All’alba del 2 agosto 1922 affluiscono a Parma circa 15 mila squadristi provenienti da tutta l’Emilia, dal Veneto, da parte della Toscana, dal Mantovano e dal Cremonese. Il prefetto e il questore ritirano tutta la forza pubblica dai quartieri a rischio (l’Oltretorrente e il Naviglio), mentre gli arditi del popolo, – che da giorni attendevano la spedizione punitiva – si organizzarono erigendo barricate e sbarramenti e per tre giorni resistettero in armi agli assalti fascisti finché, all’alba del 6 agosto, Balbo dovette ordinarne la smobilitazione.
La difesa di Oltretorrente fu una lotta di popolo vera e propria. La divisione tra combattenti e ausiliari non-combattenti, usuale per qualsiasi conflitto civile, non è in questo caso ben determinabile.
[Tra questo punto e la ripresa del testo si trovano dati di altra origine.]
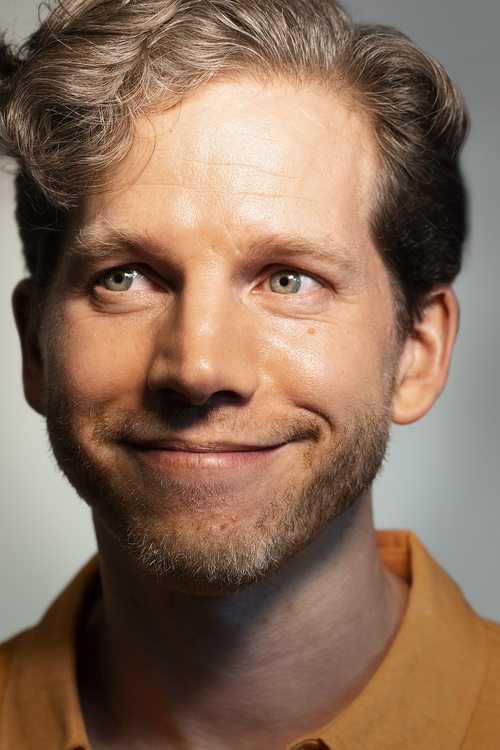 Stark Sands zdjęcie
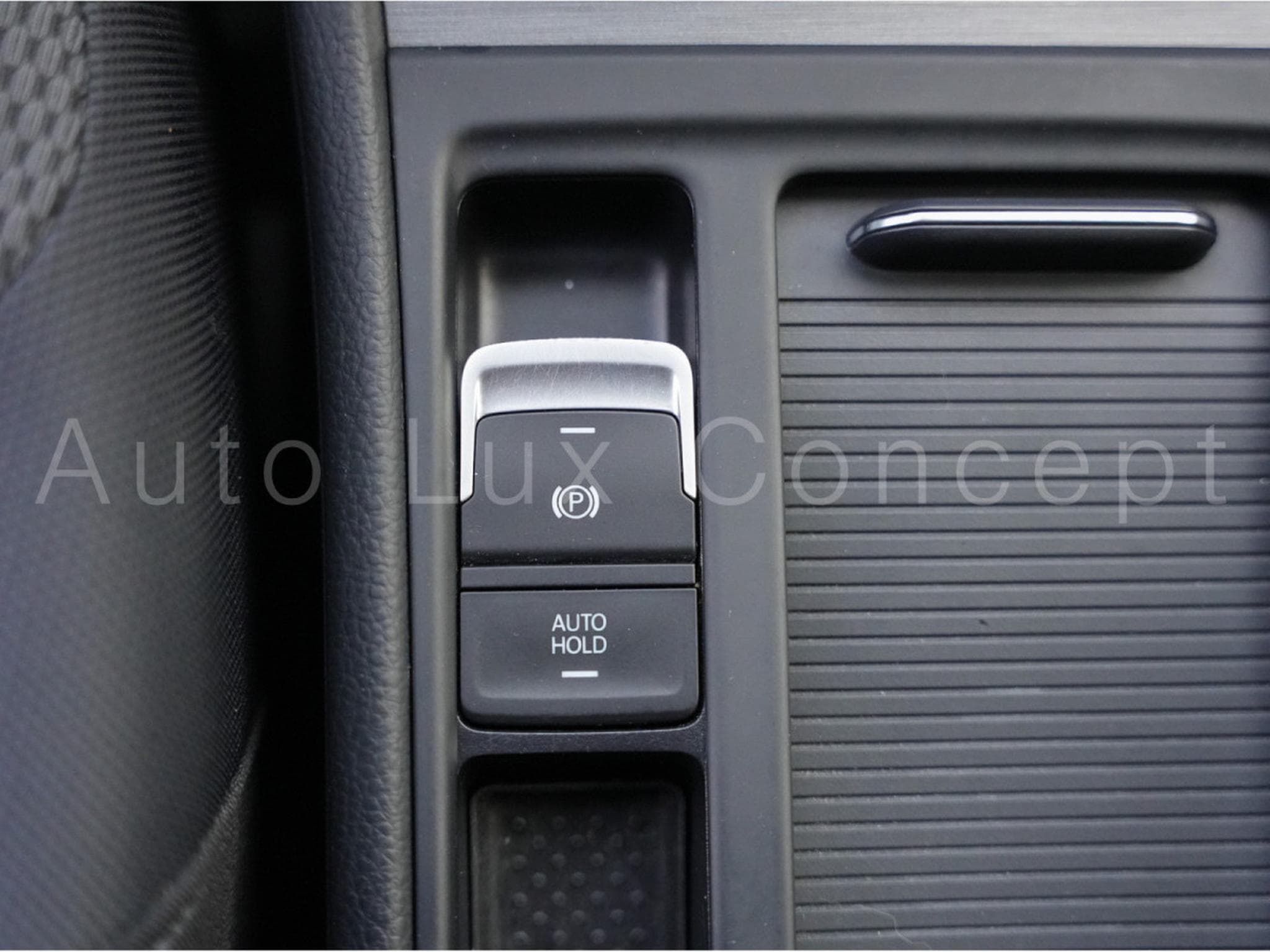 VW Golf 1.4 TSI 140 ch DSG 7 (2013) - Photo 22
Accanto ai circa trecento arditi del popolo c’è infatti la quasi totalità della popolazione. Le uniche forze politico-sindacali che sostengono apertamente la rivolta (oltre al nucleo “picelliano” della Camera confederale del lavoro di via Imbriani) sono quelle dei sindacalisti rivoluzionari dell’UldL (con sede presso la Camera del lavoro di Borgo alle Grazie, guidata da Vittorio Picelli, fratello di Guido), dell’Unione sindacale parmense (aderente all’USI) e dei libertari (UAI).
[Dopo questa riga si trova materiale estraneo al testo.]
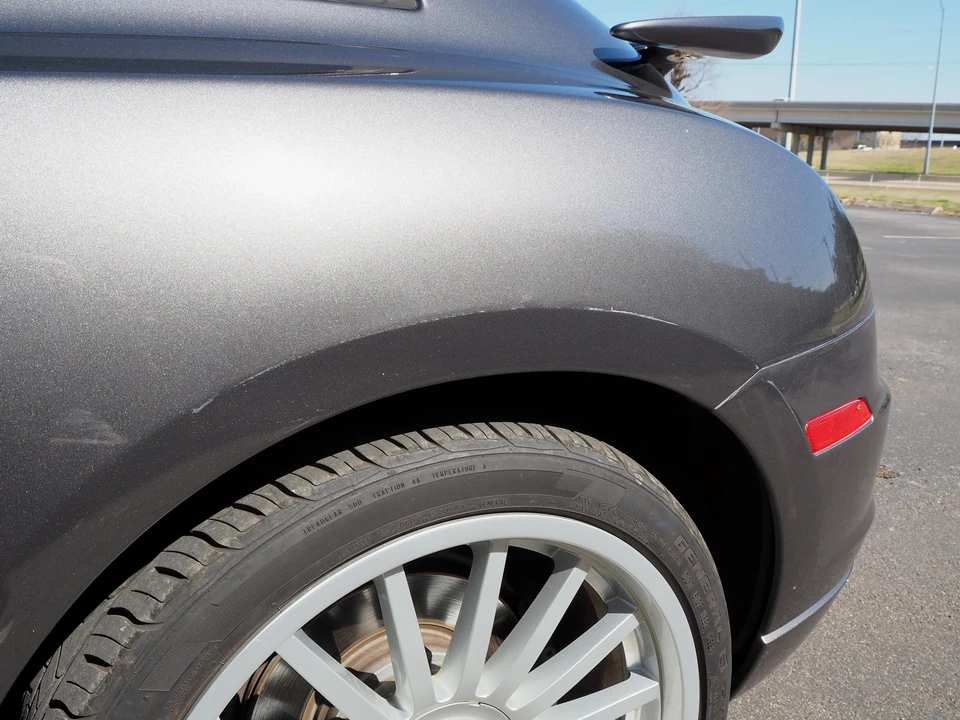 2005 Chrysler Crossfire - Image 22 of 31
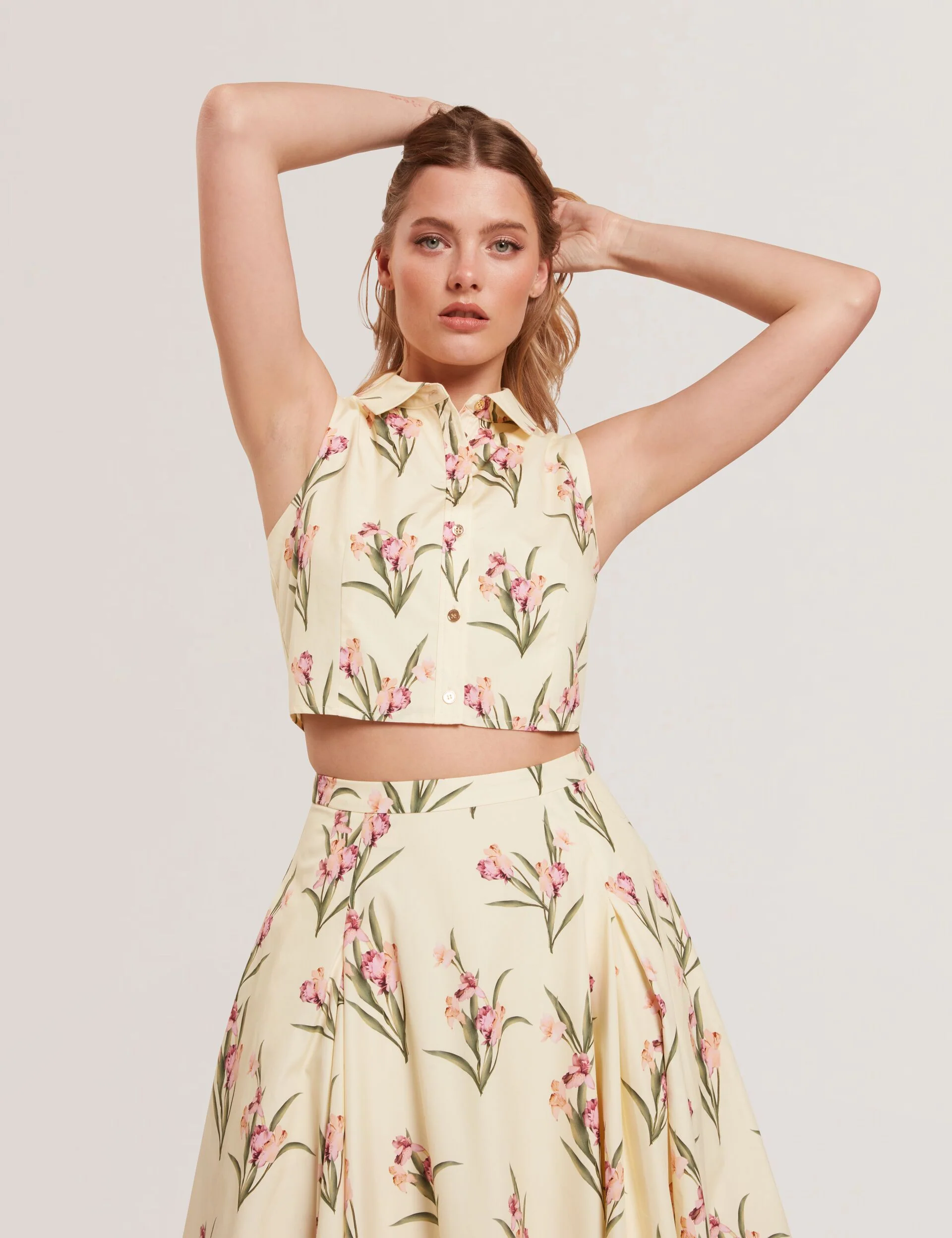 SLEEVELESS BUTTON UP SHIRT | YELLOW - Image 7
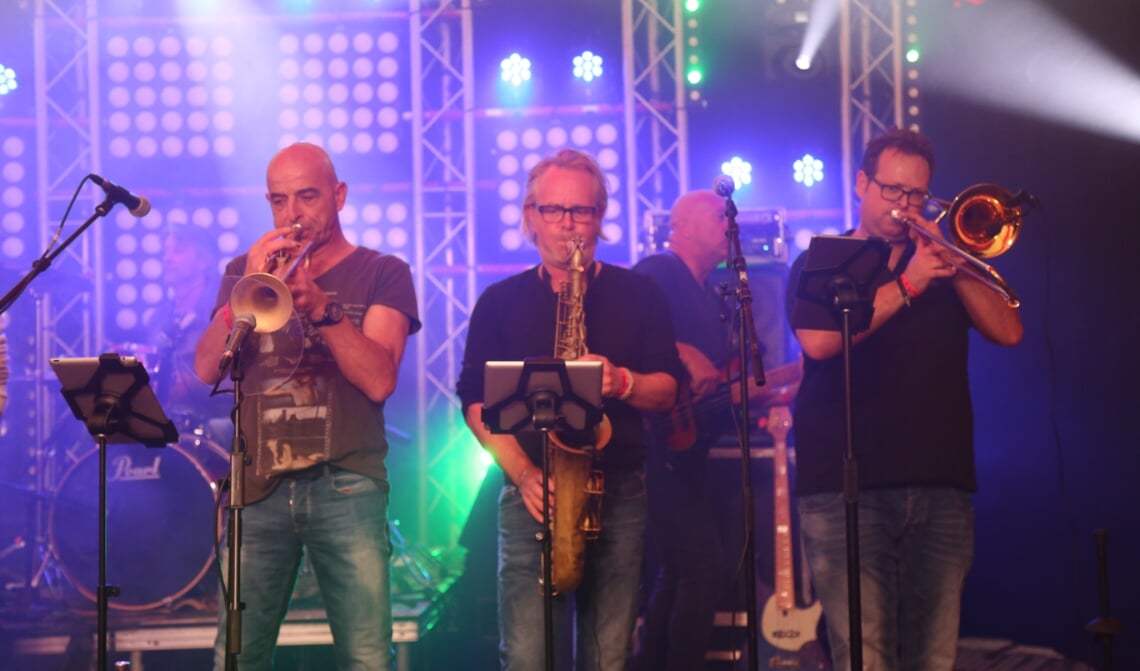 <p>Limuscene tijdens een eerdere editie. Het festival kent nu geen twee, maar drie podia en vindt plaats in de bakermat: de kroeg.</p>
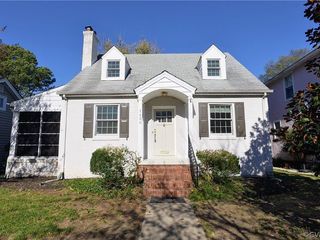 Foreclosed Home - 1404 GREYCOURT AVE, 23227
Quattro caduti si registrarono fra le file delle formazioni di difesa proletaria: Ulisse Corazza, consigliere comunale del Partito Popolare Italiano, Giuseppe Mussini, Mario Tomba e Gino Gazzola, quest'ultimo a soli 14 anni. Il diciassettenne Carluccio Mora morì colpito da un proiettile vagante mentre giocava a calcio in un campetto della periferia.